The lines from the one holding "DoubleTree by Hilton" to the final line of the listing below are to be duplicated exactly, with both ends included and pictures omitted.

### Given data
● ● ● ● ● ● ●
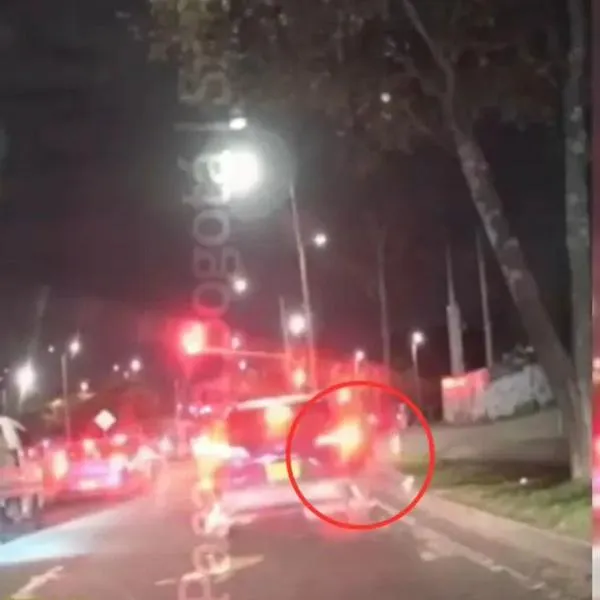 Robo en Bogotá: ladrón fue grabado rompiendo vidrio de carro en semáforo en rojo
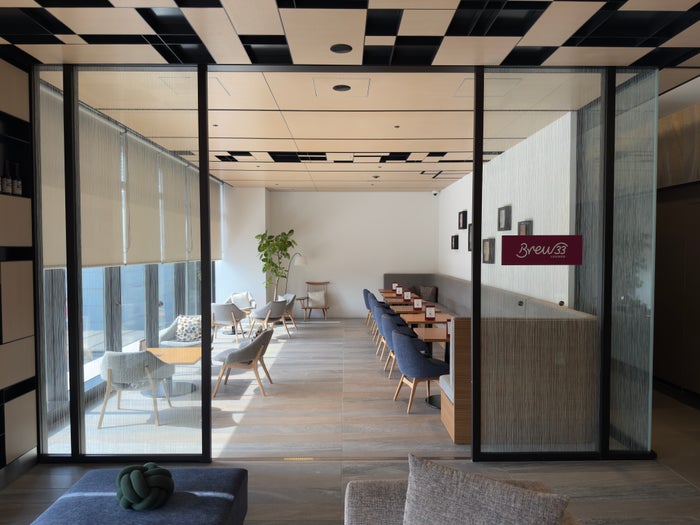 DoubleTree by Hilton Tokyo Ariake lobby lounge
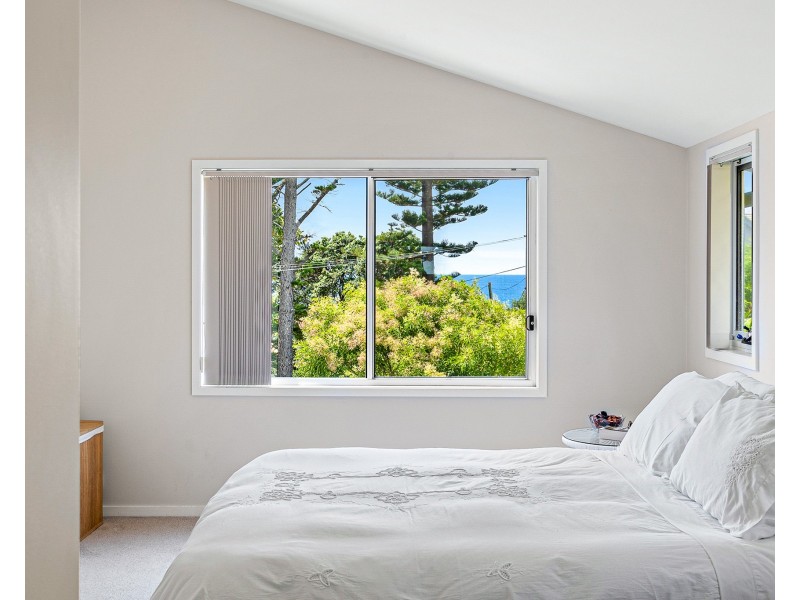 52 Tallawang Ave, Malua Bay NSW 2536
● ● ● ● ● ● ●
### Exercise answer
 DoubleTree by Hilton Tokyo Ariake lobby lounge
 52 Tallawang Ave, Malua Bay NSW 2536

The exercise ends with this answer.